I don’t know about you, but I see a lot of books on various job search topics and often say to myself, “I bet this is mostly a rehash. I’m not going to spend time on this topic – I already know how to do that.”
Well, I just found a book that I think is worth reading even for career counselors who think they know how to do networking interviews. The book is the Twenty Minute Networking Meeting by Marcia Ballinger, Ph.D. and Nathan A. Perez (available on Amazon and elsewhere).
Why this is from the front-lines ?
Ballinger and Perez are members of a search firm that provides top-level executives to companies. They see a lot of individuals who are networking! The book is written in the spirit of giving back because they see so many executives who are not doing a good job of building their networks during job transitions. And if executives aren’t doing it well, that is a sign most are probably not making this technique work well for them! Also, they point out that the basics of this well-respected job search skill have changed – note, for instance, that what used to involve an hour now needs to happen in 20 minutes. Otherwise, Marcia observes the individual loses the attention of the person he or she is networking with.

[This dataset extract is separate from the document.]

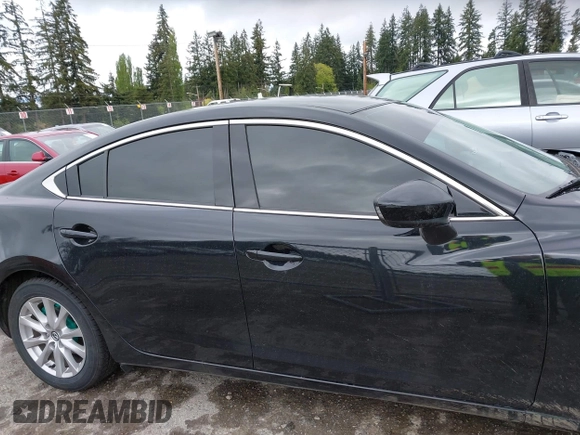 2016 Mazda 6 i Sport with VIN JM1GJ1U53G1451578, listed as a IAAI auction lot 42134810 with 113,144 mi miles and . Bid and sale history available at DreamBid. Image 13.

The Three Most Important Points:
- Prepare-Prepare-Prepare — The book is focused on building your network when in career/job transition. It struck me that there are many other types of interviews within the job search process (job interviews, informational interviews, negotiating after the ask, etc.) How to prepare for each of these probably needs to be updated!
- Emotional Challenges — As I read through the early parts of the book which recapped myths about networking and made the argument that 20 minutes is the appropriate timeline, I kept thinking, will they write about managing the emotional difficulties so many people have after being downsized/rightsized/pushed out or whatever. Ballinger and Perez approach this topic from a new direction: They start by describing how someone wants to appear when networking (i.e., someone who is positive and competent and focused and would be an asset to a company in need). They make the point that frustration, passivity, and confusion are not on the list and suggest that if that is where you are you should postpone networking for a bit longer.
- A Structure Check List — The book describes in detail how the person doing the networking should structure the conversation. This involves researching the person who has agreed to meet with you and devising questions related to their experience and where you might want to go in your career. Such questions might be about experiences or programs the individual has been involved in or his/her view of the industry or function you share, etc. They also include thinking about possible ways you can help the person being interviewed. The discussion here provides excellent direction for this crucial part of the interview and certainly replaces the old approaches, “Tell me what you do.” Or “Let me tell you everything about me.” For me, this was the real “meat” of the book and was well worth my time and expense.
This is an exceptionally well-written book about a skill that everyone needs in the working world today. Workers are more mobile and as individuals grow and change old connections may no longer provide the information you need so constantly building a network is crucially important.
This book provides a report from the front-lines about how to structure the all-important networking interview in the early 21st century.